▶ **What you will do**: Below is a listing. Set down exactly the lines from the one containing "592 Arnold Caldwell" through the one containing "Modern Indoor LED", both ends included, and leave out the rest.

┌─ Data records

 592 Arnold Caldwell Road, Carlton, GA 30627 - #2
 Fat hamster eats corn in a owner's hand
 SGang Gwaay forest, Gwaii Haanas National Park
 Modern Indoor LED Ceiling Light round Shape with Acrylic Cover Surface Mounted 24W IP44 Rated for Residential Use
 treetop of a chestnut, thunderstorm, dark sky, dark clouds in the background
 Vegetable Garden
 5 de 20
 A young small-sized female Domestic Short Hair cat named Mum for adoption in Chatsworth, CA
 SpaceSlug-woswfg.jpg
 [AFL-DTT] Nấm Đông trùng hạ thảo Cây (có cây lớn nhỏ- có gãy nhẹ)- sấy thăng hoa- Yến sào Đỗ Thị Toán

└─
┌─ Data records

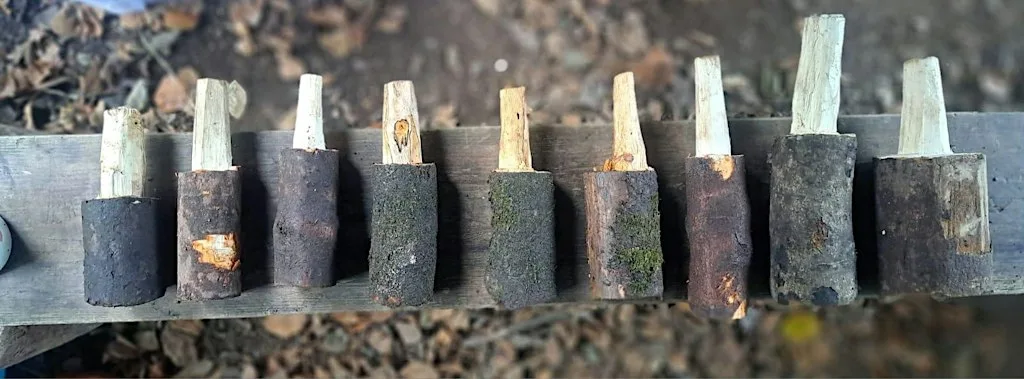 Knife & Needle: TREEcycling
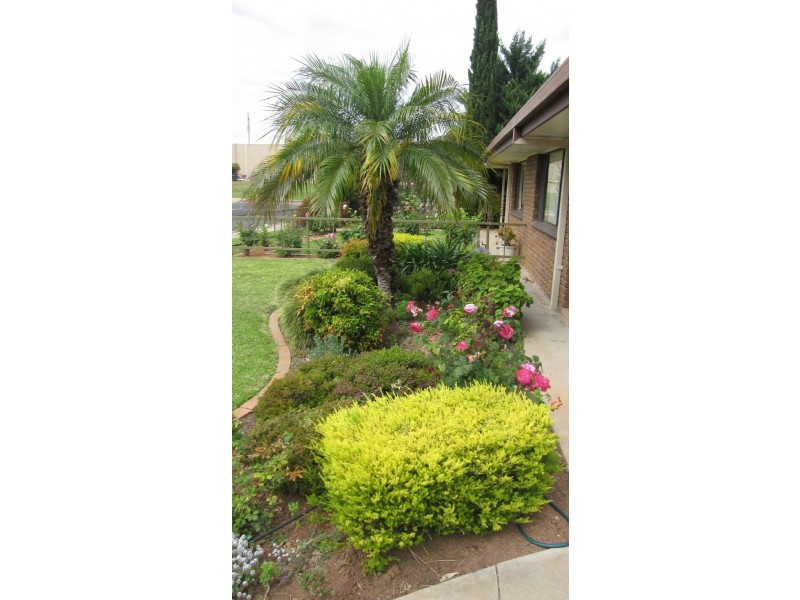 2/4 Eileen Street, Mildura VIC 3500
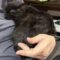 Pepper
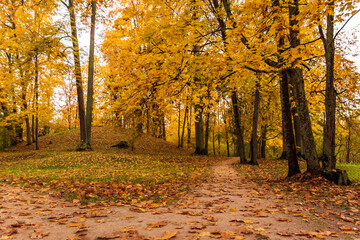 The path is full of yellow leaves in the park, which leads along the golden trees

└─

▶ **Response below**:
 592 Arnold Caldwell Road, Carlton, GA 30627 - #2
 Fat hamster eats corn in a owner's hand
 SGang Gwaay forest, Gwaii Haanas National Park
 Modern Indoor LED Ceiling Light round Shape with Acrylic Cover Surface Mounted 24W IP44 Rated for Residential Use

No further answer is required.